Andersen chose not to inscribe that message on the cake.

“I didn’t mind making the cake, but I also felt his purpose in ordering the cake was he wanted to troll us and to say we were being discriminatory to him. That’s exactly what he wanted,” she said. “I know there have been cases where LGBTQ have sued bakeries for not making wedding cakes and all the courts say if you provide a service, you can’t discriminate. We make cakes. I can’t discriminate and say I won’t make the cake, but I can choose not to write homophobic comments.”

She went ahead and created a cake for the person requesting the message but changed the decoration from the requested message to multi-colored rainbows in a show of support for homosexuality, but completely contrary to what the customer ordered.

Andersen received a nod of support from a surprising source – Jack Phillips, the Christian owner of Masterpiece Cakeshop in Lakewood, Colorado, who won a U.S. Supreme Court victory in his battle over artistic conscience and the messages he chooses to portray with his one-of-a-kind cakes. Phillips penned an op-ed for Newsweek in which he draws the parallels between her case and his.

“In my more than 25 years as a cake artist, I’ve kept a simple policy: I serve everyone, but I cannot create cakes that express every message or celebrate every event,” he wrote.

Phillips says that’s exactly what Andersen believes, and he supports her right to run her business that way.

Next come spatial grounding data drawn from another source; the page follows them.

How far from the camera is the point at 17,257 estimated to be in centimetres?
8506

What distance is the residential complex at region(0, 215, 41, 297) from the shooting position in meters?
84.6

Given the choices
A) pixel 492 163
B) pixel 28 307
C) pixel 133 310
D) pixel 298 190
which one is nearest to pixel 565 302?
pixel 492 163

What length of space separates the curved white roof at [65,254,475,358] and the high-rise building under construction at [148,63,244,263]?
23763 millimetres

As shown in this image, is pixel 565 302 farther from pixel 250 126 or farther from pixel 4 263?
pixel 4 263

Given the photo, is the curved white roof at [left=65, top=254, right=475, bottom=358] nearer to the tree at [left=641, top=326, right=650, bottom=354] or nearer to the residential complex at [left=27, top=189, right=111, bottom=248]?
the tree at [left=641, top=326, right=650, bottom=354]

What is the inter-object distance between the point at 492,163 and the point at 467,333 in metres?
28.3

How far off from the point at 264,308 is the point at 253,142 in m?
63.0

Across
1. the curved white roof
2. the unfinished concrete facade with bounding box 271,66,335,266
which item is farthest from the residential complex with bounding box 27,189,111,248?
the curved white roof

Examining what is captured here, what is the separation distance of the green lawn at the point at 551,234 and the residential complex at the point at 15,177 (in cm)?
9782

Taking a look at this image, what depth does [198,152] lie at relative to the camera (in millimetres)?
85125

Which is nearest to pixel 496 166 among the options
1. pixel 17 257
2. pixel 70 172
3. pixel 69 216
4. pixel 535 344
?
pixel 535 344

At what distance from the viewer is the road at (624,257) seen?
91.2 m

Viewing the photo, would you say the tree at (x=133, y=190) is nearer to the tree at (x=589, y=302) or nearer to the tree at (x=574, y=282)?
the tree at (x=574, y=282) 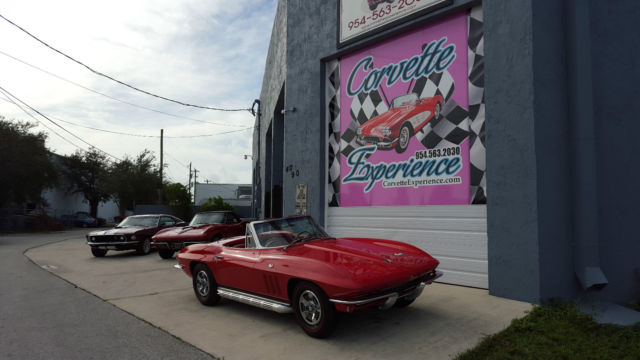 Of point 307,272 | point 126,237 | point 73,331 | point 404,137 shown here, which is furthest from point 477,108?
point 126,237

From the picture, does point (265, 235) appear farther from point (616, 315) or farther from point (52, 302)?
point (616, 315)

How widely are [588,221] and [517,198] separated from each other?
37.2 inches

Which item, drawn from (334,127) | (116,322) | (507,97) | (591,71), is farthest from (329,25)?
(116,322)

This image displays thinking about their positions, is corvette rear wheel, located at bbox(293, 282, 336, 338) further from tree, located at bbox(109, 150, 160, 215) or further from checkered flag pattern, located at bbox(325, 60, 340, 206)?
tree, located at bbox(109, 150, 160, 215)

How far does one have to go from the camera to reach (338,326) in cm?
441

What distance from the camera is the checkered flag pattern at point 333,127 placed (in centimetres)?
902

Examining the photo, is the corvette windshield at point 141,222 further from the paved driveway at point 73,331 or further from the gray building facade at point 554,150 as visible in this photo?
the gray building facade at point 554,150

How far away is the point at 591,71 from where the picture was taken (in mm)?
5609

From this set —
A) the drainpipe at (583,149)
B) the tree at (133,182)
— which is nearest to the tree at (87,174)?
the tree at (133,182)

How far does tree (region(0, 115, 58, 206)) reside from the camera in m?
25.8

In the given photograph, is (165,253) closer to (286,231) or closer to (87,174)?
(286,231)

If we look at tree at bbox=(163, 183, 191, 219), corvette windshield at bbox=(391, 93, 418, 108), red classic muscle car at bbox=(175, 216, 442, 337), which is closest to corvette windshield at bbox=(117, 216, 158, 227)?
red classic muscle car at bbox=(175, 216, 442, 337)

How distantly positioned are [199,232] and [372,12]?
7085 mm

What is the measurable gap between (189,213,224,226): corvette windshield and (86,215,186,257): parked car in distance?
1.87 metres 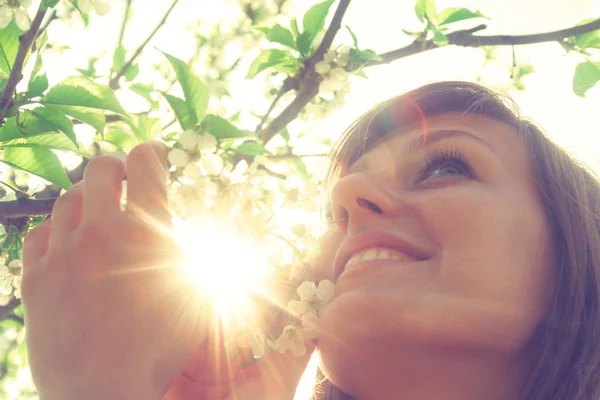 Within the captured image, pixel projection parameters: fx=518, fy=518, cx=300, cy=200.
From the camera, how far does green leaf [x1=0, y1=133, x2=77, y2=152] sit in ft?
3.79

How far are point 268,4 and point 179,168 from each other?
1255 mm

“I’ve faced the situation that April faced, and I came to the same conclusion: I couldn’t create a cake that expressed a message that went against my beliefs. So, I politely declined the request, while explaining that I would be happy to sell or create other items for the customer. The customer wasn’t the problem. The problem was the message that the cake expressed,” Phillips said.

Ironically, though, according to Phillips, Andersen was treated favorably in the mainstream reporting of her particular incident, while Phillips has had to deal with the opposite reaction from media for years, even as he is still fighting legal attempts to force him to bake cakes with objectionable messages.

Although Andersen might argue that her case is different because she actually did bake a cake, albeit with a different message than the one requested, whereas Phillips refused to create and bake one at all, the main principles of free speech and artistic conscience are identical. There is no legal difference between opting to change the message versus refusing to create the objectionable message in the first place.

One can only hope that those who still believe that Jack Phillips was wrong to decline to create a cake – that sent a message of approval of same-sex marriage – will reevaluate their opinions after considering Andersen’s story.

A few days ago a federal judge in Kentucky upheld the First Amendment right of a Christian wedding photographer to decline to shoot same-sex weddings as mandated by a local ordinance. What the judge articulated in his decision is also instructive for bakers, and for the cultural and legal debate over same-sex marriage in general.

“America is wide enough for those who applaud same-sex marriage and those who refuse to,” he wrote. “The Constitution does not require a choice between gay rights and freedom of speech. It demands both.”